Perdonad que siga con mis obsesiones, pero esto del nuevo periodismo me acapara cada vez más. Así que incluyo algunas reflexiones a vuelapluma que he utilizado para un artículo.
Aunque haya sido tomada como casi una cosa de rutina, que ya venía siendo anunciada, la reforma en el mastodóntico Ente RTVE supone el primer paso hacia los nuevos tiempos en la comunicación y la información en España. Carmen Caffarel, la directora del Ente, que no es un rostro nuevo, se ha convertido, no obstante, en el símbolo de ese cambio que nos llega imparable, inevitable. No falta quien diga, en estos tiempos de mudanza y de crisis paralela, que el periodismo es el único elemento, el único sector de actividad, que no ha experimentado aún la transición por donde sí han pasado la milicia, las fuerzas de Seguridad, la Banca, la Judicatura y tantas generaciones de políticos. Bueno, puede que no sea el único sector que no ha entrado a fondo en la renovación, pero sí es, desde luego, el más visible.
Periodistas de toda la vida siguen -seguimos- donde siempre, puede que diciendo las cosas de siempre, con el mínimo porcentaje de evolución exigible, pero no más que eso. Y, sin embargo, todo va cambiando: lo analógico se convierte en digital, la irrupción de Internet y de la prensa gratuita varían sensiblemente el comportamiento de los medios, los canales de televisión se multiplican, como la radio, y la señora Caffarel firma valerosamente, qué remedio, el decreto que va a significar el principio del fin del Ente tal y como lo conocíamos hasta ahora y durante toda nuestra vida.
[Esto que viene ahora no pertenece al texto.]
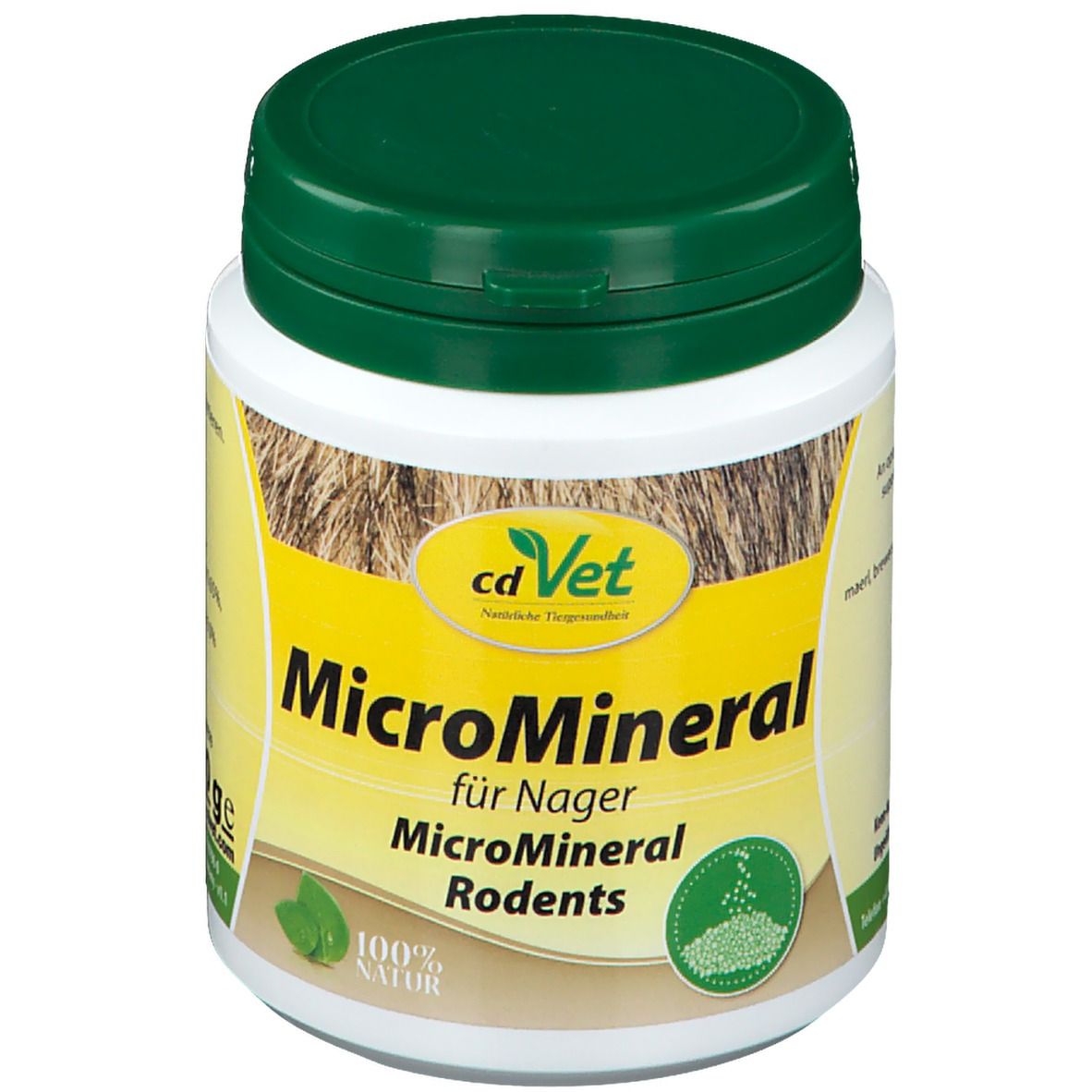 Weiße Dose mit grünem Deckel. Aufschrift: cdVet MicroMineral für Nager. 100% Natur.
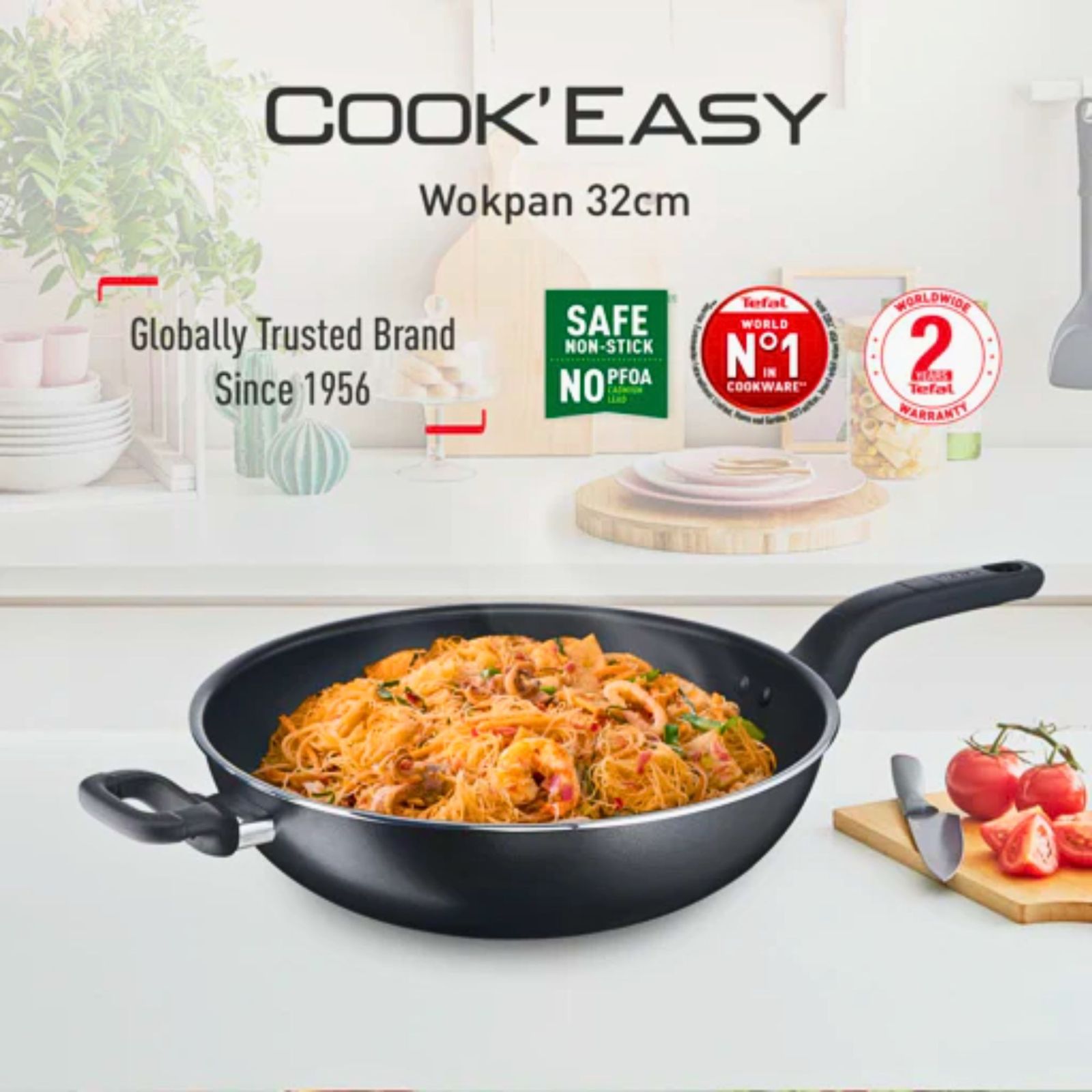 Kuali Tefal Cook Easy 32cm Dengan Teknologi Thermo-Signal & Salutan Titanium Non-Stick (B50389)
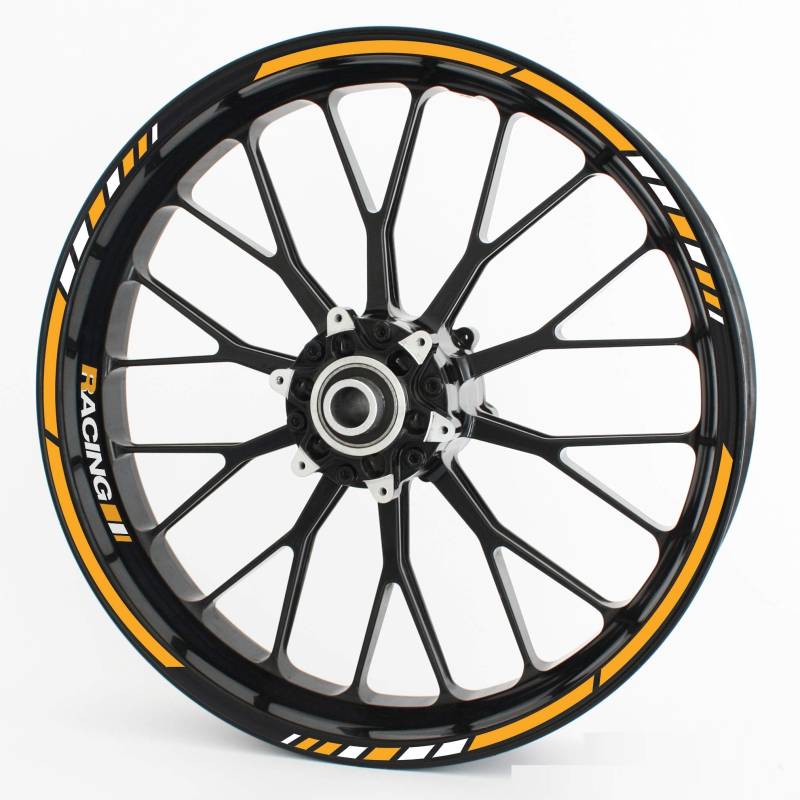 Felgenrandaufkleber RS - Komplettset für 15" 16" 17" 18" 19" - Farbe & Design wählbar - Orange, Design 3 von Motoking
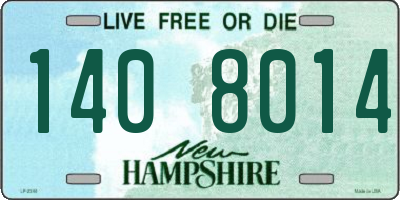NH license plate 1408014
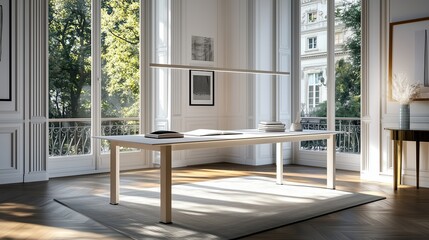 Poster - elegant modern workspace with minimalistic design and large windows showcasing natural light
El hecho de que determinados talibanes de las ondas o de las columnas sigan comportándose como si la realidad la tuviesen que inventar ellos, como si no estuviese ya inventada al margen de ellos, como si tuviesen que pastorear a una sociedad a la que interpretan como menor de edad, no es sino la excepción que confirma la regla.
Al ver a Caffarel inaugurando, con calma pero sin pausa, con algunas protestas y bastantes aplausos, una nueva era en el mastodonte público, pudimos comprobar que la apuesta, esta vez, va tan en serio como cuando, por fin, irrumpió en nuestras vidas la televisión privada. Claro que entonces ni los móviles ni Internet eran lo que hoy son, con su carga de retos, promesas y amenazas, porque el camino apenas se ha iniciado. Y ya la información, lo sentimos por los talibanes, no va a ser nunca la misma: ahora hay que contar con el receptor de la noticia, capaz de responder, criticar y completar lo que le contamos. Así que el periodista gurú, intocable, profeta, se ha terminado. Aunque ese tipo de periodista aún no se haya enterado.
Es, sin duda, la revolución más importante que debemos afrontar en estos tiempos post-Guttenberg, aunque nadie la proclame ni la abandere. Simplemente, está ahí, y no nos queda más remedio que asumirla, nos guste o no nos guste. Es una verdadera lástima que algunos gobiernos, tantos poderes de toda índole, traten de impedir el avance de algo tan imparable. Es un esfuerzo tan inútil y vano como los intentos de poner puertas y dinteles al campo.
Puede interpretarse, claro, que la reforma del Ente RTVE para convertirse en Corporación empresarial no es sino cosmética; que algo cambie para que todo siga igual. Pero ya es imposible: el gran debate pendiente es, por supuesto, el que atañe a los medios de comunicación. Que deben recuperar su papel, van a hacerlo, en una sociedad cuyos dirigentes parecen querer desterrar a Montesquieu y su separación de poderes, y a los que, lógicamente, les molesta la existencia de unos medios de comunicación independientes, indómitos, disconformes, que no creen ni en razones de Estado ni en conveniencias sociales y que hacen suyo aquel lema según el cual "noticia es todo aquello que alguien no quiere que se publique".
El gran debate, señores, ha comenzado con la imagen de la directora general del ya casi ex Ente público RTVE cortando lazos con el pasado; quién se lo iba a decir a ella hace apenas tres años, quién nos lo iba a decir a nosotros, los periodistas, que ni siquiera pensábamos en acometer nuestras propia transición, mientras se la recomendábamos a todos los demás.